Once the lts value exceeds the max-lease-misbalance percentage of total free state leases as described above, leases are moved to the remote server. This is done in two passes.
In the first pass, only leases whose most recent bound client would have been served by the remote server - according to the Load Balance Algorithm (see above split and hba configuration statements) - are given away to the peer. This first pass will happily continue to give away leases, decrementing the lts value by one for each, until the lts value has reached the negative of the total number of leases multiplied by the max-lease-ownership percentage. So it is through this value that you can permit a small misbalance of the lease pools - for the purpose of giving the peer more than a 50/50 share of leases in the hopes that their clients might some day return and be allocated by the peer (operating normally). This process is referred to as 'MAC Address Affinity', but this is somewhat misnamed: it applies equally to DHCP Client Identifier options. Note also that affinity is applied to leases when they enter the state be moved from free to backup if the secondary already has more than its share.
The second pass is only entered into if the first pass fails to reduce the lts underneath the total number of free state leases multiplied by the max-lease-ownership percentage. In this pass, the oldest leases are given over to the peer without second thought about the Load Balance Algorithm, and this continues until the lts falls under this value. In this way, the local server will also happily keep a small percentage of the leases that would normally load balance to itself.

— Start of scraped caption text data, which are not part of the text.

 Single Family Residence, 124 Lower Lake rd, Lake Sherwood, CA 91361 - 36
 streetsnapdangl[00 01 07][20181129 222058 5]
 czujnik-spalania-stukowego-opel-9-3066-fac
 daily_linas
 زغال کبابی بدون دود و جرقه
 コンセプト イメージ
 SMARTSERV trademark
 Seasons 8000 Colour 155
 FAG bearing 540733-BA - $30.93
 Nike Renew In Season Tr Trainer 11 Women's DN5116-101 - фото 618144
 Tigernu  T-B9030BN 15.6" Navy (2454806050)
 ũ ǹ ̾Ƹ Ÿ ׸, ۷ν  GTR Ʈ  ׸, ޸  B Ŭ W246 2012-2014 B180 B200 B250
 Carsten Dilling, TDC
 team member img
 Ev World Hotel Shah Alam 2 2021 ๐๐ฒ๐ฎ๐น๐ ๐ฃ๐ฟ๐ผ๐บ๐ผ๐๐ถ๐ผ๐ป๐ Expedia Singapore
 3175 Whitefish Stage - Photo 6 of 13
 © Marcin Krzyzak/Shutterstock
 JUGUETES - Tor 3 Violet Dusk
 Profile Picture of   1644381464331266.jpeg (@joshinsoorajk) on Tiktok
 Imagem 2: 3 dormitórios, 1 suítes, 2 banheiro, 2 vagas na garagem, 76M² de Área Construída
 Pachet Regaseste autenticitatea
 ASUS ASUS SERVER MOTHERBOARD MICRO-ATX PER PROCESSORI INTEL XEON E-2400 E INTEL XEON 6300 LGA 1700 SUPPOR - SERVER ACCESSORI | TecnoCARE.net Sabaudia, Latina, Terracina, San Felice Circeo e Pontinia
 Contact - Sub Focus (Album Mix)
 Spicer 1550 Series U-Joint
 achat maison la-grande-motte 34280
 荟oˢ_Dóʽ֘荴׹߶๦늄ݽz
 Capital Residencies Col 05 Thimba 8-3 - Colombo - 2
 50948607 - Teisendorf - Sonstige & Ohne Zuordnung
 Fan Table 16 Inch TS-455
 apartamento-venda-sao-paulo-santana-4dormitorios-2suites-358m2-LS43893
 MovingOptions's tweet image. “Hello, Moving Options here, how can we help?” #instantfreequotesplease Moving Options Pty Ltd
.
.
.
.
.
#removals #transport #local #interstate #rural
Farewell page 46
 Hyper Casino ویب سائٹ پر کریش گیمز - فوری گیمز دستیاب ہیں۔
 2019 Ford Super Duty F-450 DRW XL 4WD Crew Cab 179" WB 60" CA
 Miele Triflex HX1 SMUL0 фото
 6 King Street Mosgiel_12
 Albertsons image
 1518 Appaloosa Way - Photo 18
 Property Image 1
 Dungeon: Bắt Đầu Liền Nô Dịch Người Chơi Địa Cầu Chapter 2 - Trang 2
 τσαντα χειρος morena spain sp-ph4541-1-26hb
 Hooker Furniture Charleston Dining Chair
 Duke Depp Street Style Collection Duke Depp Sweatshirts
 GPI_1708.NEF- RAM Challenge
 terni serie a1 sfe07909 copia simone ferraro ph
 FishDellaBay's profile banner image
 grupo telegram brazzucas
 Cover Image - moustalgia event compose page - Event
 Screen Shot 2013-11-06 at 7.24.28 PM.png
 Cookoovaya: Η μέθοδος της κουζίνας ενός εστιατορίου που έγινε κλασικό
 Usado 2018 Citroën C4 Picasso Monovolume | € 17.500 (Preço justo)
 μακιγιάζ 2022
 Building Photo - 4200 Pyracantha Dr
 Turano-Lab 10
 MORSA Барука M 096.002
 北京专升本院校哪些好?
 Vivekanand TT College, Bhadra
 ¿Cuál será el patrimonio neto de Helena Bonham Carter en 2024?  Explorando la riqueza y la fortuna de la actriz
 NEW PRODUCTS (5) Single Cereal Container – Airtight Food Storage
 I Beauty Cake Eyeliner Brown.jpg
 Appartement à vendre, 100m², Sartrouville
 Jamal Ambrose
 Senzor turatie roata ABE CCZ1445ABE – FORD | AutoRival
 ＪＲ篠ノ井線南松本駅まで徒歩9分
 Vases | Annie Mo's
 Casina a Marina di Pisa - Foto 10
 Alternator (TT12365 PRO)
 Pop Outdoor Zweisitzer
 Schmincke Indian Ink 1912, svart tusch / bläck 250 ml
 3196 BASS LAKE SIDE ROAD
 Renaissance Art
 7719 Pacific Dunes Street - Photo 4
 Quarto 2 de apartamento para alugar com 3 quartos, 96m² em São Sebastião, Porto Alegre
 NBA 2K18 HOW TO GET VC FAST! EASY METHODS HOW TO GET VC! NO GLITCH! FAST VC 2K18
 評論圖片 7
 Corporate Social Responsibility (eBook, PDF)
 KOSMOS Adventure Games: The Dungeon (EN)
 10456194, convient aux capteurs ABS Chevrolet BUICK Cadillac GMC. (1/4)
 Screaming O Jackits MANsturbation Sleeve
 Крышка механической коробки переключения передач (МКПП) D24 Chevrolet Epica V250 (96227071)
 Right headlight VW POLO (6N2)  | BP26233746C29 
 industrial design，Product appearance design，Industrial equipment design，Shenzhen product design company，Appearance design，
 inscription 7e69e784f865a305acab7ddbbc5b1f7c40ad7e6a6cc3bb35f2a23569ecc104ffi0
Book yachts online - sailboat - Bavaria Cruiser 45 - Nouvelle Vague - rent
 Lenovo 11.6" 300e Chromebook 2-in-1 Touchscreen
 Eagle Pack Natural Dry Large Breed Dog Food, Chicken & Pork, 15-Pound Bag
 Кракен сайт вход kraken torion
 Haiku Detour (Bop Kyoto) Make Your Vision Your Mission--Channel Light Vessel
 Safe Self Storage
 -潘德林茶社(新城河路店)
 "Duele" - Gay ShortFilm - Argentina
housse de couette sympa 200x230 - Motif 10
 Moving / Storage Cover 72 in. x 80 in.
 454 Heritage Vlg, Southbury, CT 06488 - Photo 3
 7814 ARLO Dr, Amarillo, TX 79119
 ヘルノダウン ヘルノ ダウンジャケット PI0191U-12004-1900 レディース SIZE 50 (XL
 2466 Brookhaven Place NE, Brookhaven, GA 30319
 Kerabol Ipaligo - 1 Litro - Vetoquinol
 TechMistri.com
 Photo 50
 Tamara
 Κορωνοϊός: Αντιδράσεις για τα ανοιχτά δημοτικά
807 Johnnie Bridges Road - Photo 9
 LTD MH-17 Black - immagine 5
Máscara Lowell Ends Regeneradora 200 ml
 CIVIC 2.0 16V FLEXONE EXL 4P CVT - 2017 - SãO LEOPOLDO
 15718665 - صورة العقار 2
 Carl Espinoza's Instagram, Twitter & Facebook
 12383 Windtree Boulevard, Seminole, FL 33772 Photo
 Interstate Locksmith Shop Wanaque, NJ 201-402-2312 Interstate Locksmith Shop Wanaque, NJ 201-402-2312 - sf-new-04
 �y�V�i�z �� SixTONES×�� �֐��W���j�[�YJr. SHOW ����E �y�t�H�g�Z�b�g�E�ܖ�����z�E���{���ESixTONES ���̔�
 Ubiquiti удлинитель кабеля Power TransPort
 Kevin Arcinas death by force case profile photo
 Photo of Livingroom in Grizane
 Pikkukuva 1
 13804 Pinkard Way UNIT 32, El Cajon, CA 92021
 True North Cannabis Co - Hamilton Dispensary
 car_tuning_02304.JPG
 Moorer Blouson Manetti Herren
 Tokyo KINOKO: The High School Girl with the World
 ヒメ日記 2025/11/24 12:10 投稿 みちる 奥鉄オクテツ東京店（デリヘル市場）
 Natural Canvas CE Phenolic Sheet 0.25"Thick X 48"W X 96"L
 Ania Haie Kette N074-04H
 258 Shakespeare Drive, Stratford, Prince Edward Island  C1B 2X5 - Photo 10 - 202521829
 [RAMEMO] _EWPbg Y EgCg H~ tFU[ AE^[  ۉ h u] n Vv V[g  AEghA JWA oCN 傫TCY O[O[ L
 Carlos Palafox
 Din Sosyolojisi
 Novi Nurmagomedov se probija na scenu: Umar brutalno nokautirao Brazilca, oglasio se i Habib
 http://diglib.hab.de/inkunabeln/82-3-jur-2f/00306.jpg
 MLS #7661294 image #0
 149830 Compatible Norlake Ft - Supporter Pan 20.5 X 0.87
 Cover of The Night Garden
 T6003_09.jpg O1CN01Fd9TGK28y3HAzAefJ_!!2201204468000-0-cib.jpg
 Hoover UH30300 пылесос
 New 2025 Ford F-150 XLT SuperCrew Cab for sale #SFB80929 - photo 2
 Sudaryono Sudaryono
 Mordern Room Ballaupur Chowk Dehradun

So, the max-lease-misbalance value acts as a behavioural gate. Smaller values will cause more leases to transition states to balance the pools over time, higher values will decrease the amount of change (but may lead to pool starvation if there's a run on leases).
The max-lease-ownership value permits a small (percentage) skew in the lease balance of a percentage of the total number of free state leases.
Finally, the min-balance and max-balance make certain that a scheduled rebalance event happens within a reasonable timeframe (not to be thrown off by, for example, a 7 year old free lease).
Plausible values for the percentages lie between 0 and 100, inclusive, but values over 50 are indistinguishable from one another (once lts exceeds 50% of the free state leases, one server must therefore have 100% of the leases in its respective free state). It is recommended to select a max-lease-ownership value that is lower than the value selected for the max-lease-misbalance value. max-lease-ownership defaults to 10, and max-lease-misbalance defaults to 15.
Plausible values for the min-balance and max-balance times also range from 0 to (2^32)-1 (or the limit of your local time_t value), but default to values 60 and 3600 respectively (to place balance events between 1 minute and 1 hour).
Another reason I am putting off supporting redundant Linux gateways and sticking with OpenBSD.